Yukon's new XML support features cut out the middleman and allow you to deal with your data directly on the database tier. Learn how to use these features to improve your database app's performance and design.

uch of the buzz surrounding the release of SQL Server Yukon seems to be about its new integration with the CLR. However, there are plenty of other worthwhile features in this lastest release—and at least one of them can make your database application programming whole a lot easier. Besides CLR integration, Yukon also offers three new XML support features that effectively eliminate the use of middle-tier components.

With SQL Server 2000, you needed datatypes like varchar or text to store XML data. Furthermore, there was no chance to query XML data directly on the database tier. You read your XML data in strings and passed them to the middle-tier components, which would then query against the XML data. The resulting XML was shown through the use of XSL transformations. Obviously, this was not a very elegant approach.

Yukon's three new XML support features allow you to interact directly with your XML data.

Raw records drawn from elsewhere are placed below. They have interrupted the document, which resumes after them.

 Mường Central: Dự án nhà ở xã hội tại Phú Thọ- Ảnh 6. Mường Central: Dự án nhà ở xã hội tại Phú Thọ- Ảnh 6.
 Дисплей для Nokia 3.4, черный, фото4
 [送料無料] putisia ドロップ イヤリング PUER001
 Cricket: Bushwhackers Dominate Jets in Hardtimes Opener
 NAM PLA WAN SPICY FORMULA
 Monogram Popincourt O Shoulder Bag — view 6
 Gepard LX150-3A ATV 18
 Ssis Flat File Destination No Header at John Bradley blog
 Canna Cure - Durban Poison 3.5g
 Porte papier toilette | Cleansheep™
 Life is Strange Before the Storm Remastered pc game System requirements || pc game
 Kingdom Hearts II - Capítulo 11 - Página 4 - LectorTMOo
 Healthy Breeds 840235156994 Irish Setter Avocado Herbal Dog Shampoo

  • The new XML datatype allows you to store native data inside Yukon.
  • Yukon allows you to run queries against XML data with XQuery or XPath. You can also embed XQuery statements directly into T-SQL statements. XML schemas allow you to assign a schema to the new XML datatype, so you can ensure that your XML data always matches the specified XML schema.
  • The XML Data Modification Language (XML DML) allows you to update XML data through the use of T-SQL statements. XML indices are used when you need a performance boost.

XML Datatypes
One way to think about the new datatype (xml) is to see it as similar to datatypes like varchar, datetime, or float. You can use it to declare columns, parameters, or variables. This new datatype allows you to:

  • Store XML data in a typed form. To accomplish this a XML schema must be registered within Yukon and assigned to the XML datatype.
  • Store XML data in an untyped form.
  • Query against the XML data directly in T-SQL statements or stored procedures, using query languages like XQuery or XPath.
  • Update XML data directly in T-SQL statements or stored procedures, using the new XML Data Modification Language (XML DML).
  • Create indices on XML datatype columns, improving database performance.